# Scraping data for over 2000 movies
It's essential to identify the goal of our scraping right from the beginning. Writing a scraping script can take a lot of time, especially if we want to scrape more than one web page. We want to avoid spending hours writing a script which scrapes data we won't actually need.


## Working out which pages to scrape
Once we've established our goal, we then need to identify an efficient set of pages to scrape.

We want to find **a combination of pages** that requires a relatively small number of requests. A request is what happens whenever we access a web page. We 'request' the content of a page from the server. The more requests we make, the longer our script will need to run, and the greater the strain on the server.

One way to get all the data we need is to ** compile a list of movie names,** and use it to access the web page of each movie on both IMDB and Metacritic websites.

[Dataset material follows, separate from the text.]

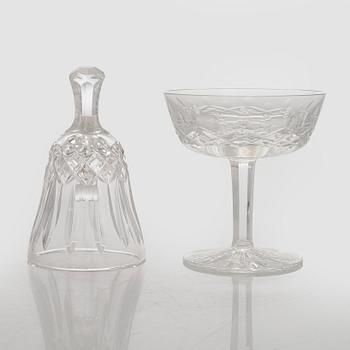 A set of 13 dessert bowls / champagne glasses, Waterford. and a table clock.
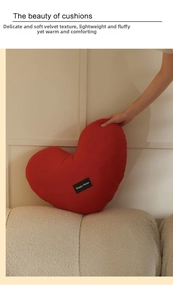 Detail of red heart pillow in plush fabric with Happy Home tag on a beige sofa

Since we want to get over 2000 ratings from both IMDB and Metacritic, we'll have to make at least 4000 requests. If we make one request per second, our script will need a little over an hour to make 4000 requests. Because of this, it's worth trying to identify more efficient ways of obtaining our data.

If we explore the IMDB website, we can discover a way to halve the number of requests. Metacritic scores are shown on the IMDB movie page, so we can scrape both ratings with a single request.

If we investigate the IMDB site further, we can discover the page shown below. It contains all the data we need for 50 movies. Given our aim, this means we'll only have to do about 40 requests, which is 100 times less than our first option. Let's explore this last option further.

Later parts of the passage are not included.